**TASK DETAILS**
Look below for the line that contains "Giá Rẻ 15 Miếng" and the line that contains "What is a penurious person?", then restate both of them and every line in between, exactly. No picture goes in the copy.

**AVAILABLE DATA**
------------------------------

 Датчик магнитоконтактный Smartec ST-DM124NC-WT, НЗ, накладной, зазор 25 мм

------------------------------

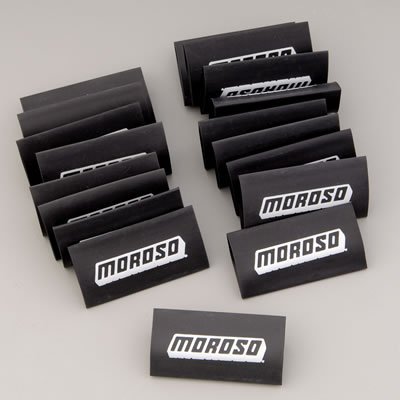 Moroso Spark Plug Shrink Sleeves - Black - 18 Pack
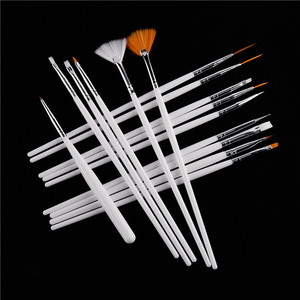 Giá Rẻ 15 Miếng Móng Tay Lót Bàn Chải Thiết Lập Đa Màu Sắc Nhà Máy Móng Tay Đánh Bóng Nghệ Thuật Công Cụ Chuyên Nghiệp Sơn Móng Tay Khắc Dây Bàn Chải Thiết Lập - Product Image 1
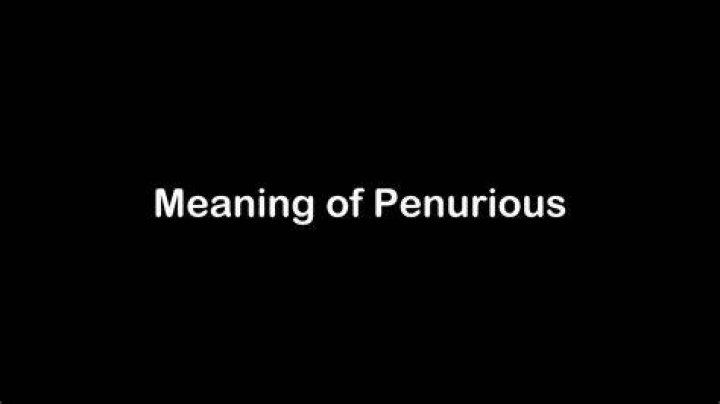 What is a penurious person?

------------------------------

**TASK RESPONSE**
 Giá Rẻ 15 Miếng Móng Tay Lót Bàn Chải Thiết Lập Đa Màu Sắc Nhà Máy Móng Tay Đánh Bóng Nghệ Thuật Công Cụ Chuyên Nghiệp Sơn Móng Tay Khắc Dây Bàn Chải Thiết Lập - Product Image 1
 What is a penurious person?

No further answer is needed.